Question

Evaluate \( \int_{-\pi/2}^{\pi/2} \sin^9 x \cos^2 x \, dx \):

• A. \( \frac{2}{3} \)
• B. \( 1 \)
• C. \( \frac{1}{11} \)
• D. \( \frac{7\pi}{6} \)
• E. \( 0 \)

Hint:

When integrating odd functions over symmetric limits, the integral evaluates to zero.
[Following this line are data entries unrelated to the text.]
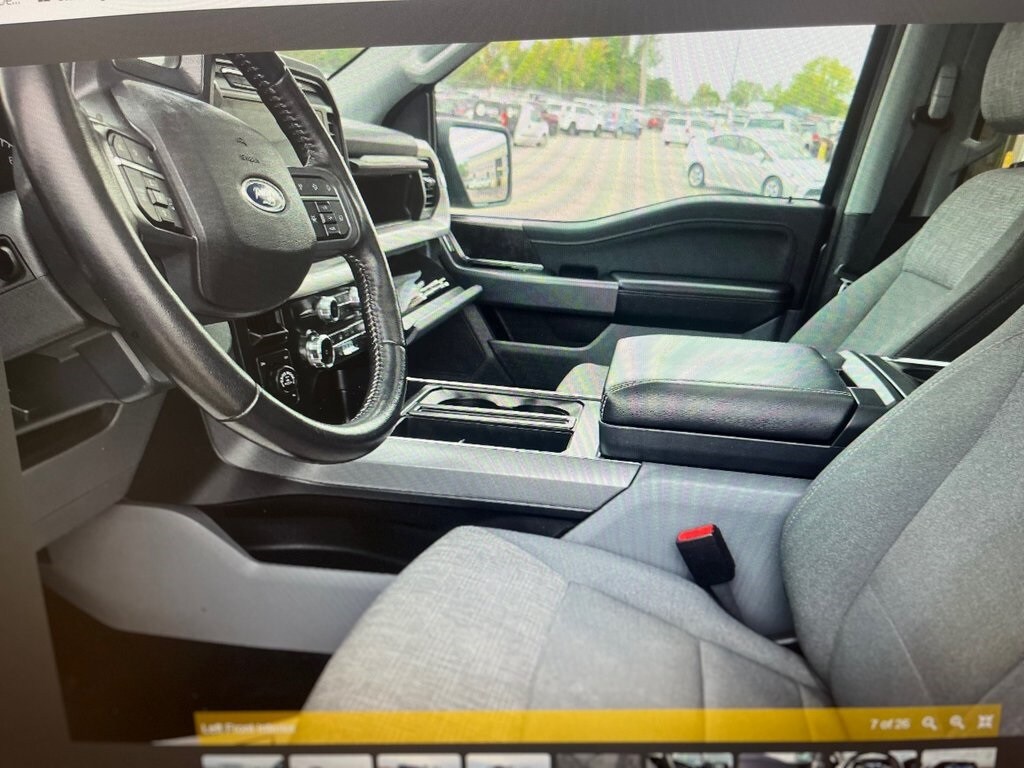 2022 Ford F-150 XLT photo 3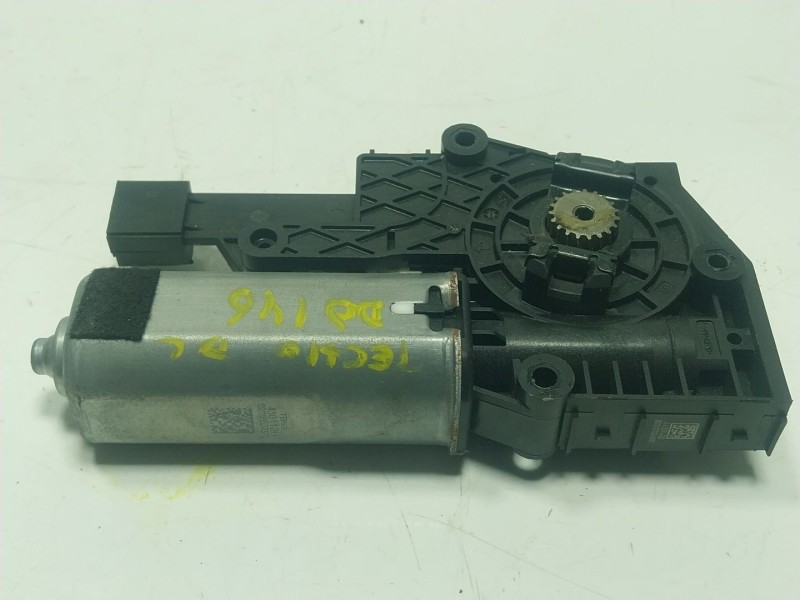 Recambio de motor techo electrico para bmw x1 (u11) sdrive 18 i referencia OEM IAM  9854523 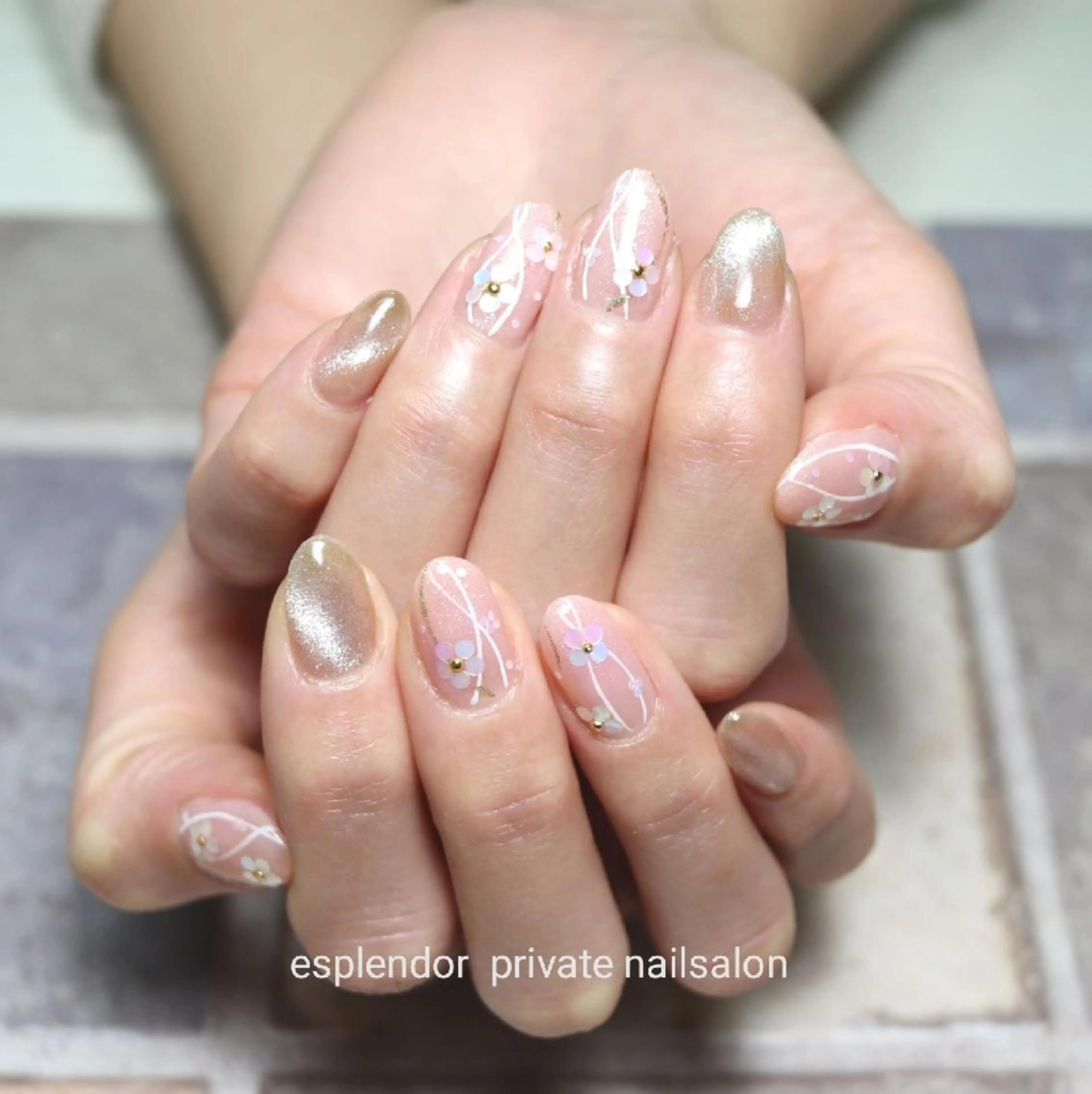 ネイル ホログラムネイル マグネットネイル ハンドネイル ハンドケア esplendor  エスプレンドル所属・esplendor  小野寺のネイルデザイン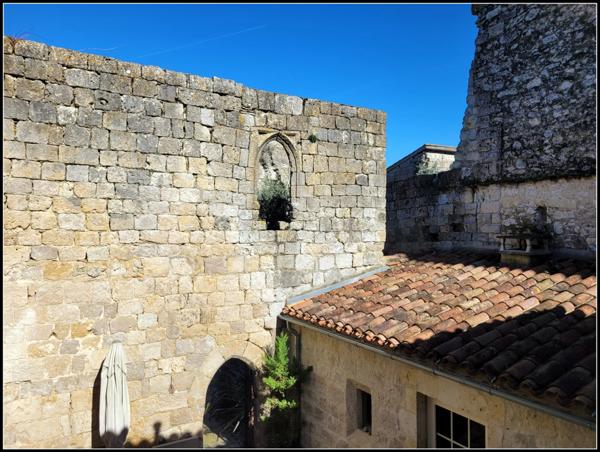 Restaurant/Chambres d'hôte/appart. LA ROMIEU 32480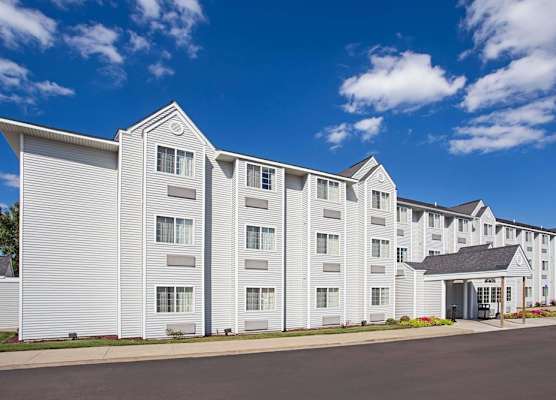 Microtel Inn & Suites by Wyndham Holland 1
Recognizing symmetry can simplify the evaluation process.

Answer 1

Answer: (E)

We are tasked with evaluating the integral: \[ \int_{-\pi/2}^{\pi/2} \sin^9 x \cos^2 x \, dx \] First, observe that the integrand consists of powers of sine and cosine. 
We can use the identity \( \cos^2 x = \frac{1 + \cos(2x)}{2} \) to simplify the integral: \[ \int_{-\pi/2}^{\pi/2} \sin^9 x \cos^2 x \, dx = \int_{-\pi/2}^{\pi/2} \sin^9 x \left( \frac{1 + \cos(2x)}{2} \right) \, dx \] 
Now, split the integral: \[ = \frac{1}{2} \int_{-\pi/2}^{\pi/2} \sin^9 x \, dx + \frac{1}{2} \int_{-\pi/2}^{\pi/2} \sin^9 x \cos(2x) \, dx \] The first integral is an odd function \( \sin^9 x \), and when integrated over symmetric limits from \( -\pi/2 \) to \( \pi/2 \), it evaluates to 0. 
The second integral involves \( \sin^9 x \cos(2x) \), which is also an odd function, so it too evaluates to 0. 
Therefore, the total integral evaluates to 0.